Ambiguity in the definition of graph homomorphism Given graph $G$ and $H$ and a function between $f : G \rightarrow H$ between the vertex sets, we say that $f$ is a graph homomorphism iff for all vertexes $x$ and $y$ of $G$ such that $xy$ is an edge of $G$, it holds that $f(x)f(y)$ is an edge of $H$.
However, some authors define graphs as having no loops, while others allow loops. These lead to different notions of homomorphism. Is there a correct one?
In particular, disallowing loops leads to a stricter notion of homomorphism, because it means that if $f$ is a homomorphism, then for all vertexes $x$ and $y$ of $G$ such that $xy$ is an edge of $G$, it holds that $f(x) \neq f(y)$. (Because otherwise $f(x)f(y)$ would be a loop in $H$).
On the other hand, allowing loops leads to a more lenient notion of homomorphism: under this definition, a homomorphism can collapse an enormous graph $G$ to a tiny graph $H$ with only one vertex and one edge.
 A: Your observation that endpoints of an edge cannot map to the same vertex if one disallows loops (i.e. considers only graphs without loops) comes from the property that $H$ has no loops.
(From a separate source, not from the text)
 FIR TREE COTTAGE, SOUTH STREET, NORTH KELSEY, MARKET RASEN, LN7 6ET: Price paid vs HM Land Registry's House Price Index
Allowing a non-injective map (vertex-wise) still cannot lead to such a collapse if $H$ has no suitable loops. Note that we still have non-injective homomorphisms e.g. when mapping cycle graphs $C_6\to C_3$ for example, so such "collapse" in itself is not a problem per se.
However, with non-simple graphs, i.e. if we allow loops and maybe also multiple edges (possibly directed), I'd suggest to define a morphism as a map $f\colon V_G\to V_H$ on the vertices together with a map $g\colon E_G\to E_H$ on the edges such that if $e$ is an edge from $v$ to $w$, then $g(e)$ is an edge from $f(v)$ to $f(w)$.
A: The definition is the same in both cases: with or without loops. The question is whether you want to apply it to graphs without loops, or graphs with loops (or even to directed graphs). Technically we have a choice of categories, each with their own collections of results and theorems. You get to choose the class of "graphs" you will work with. 
The one most people meet first is graphs with no loops, and the problems that arise there can be viewed as generalizations of coloring problems.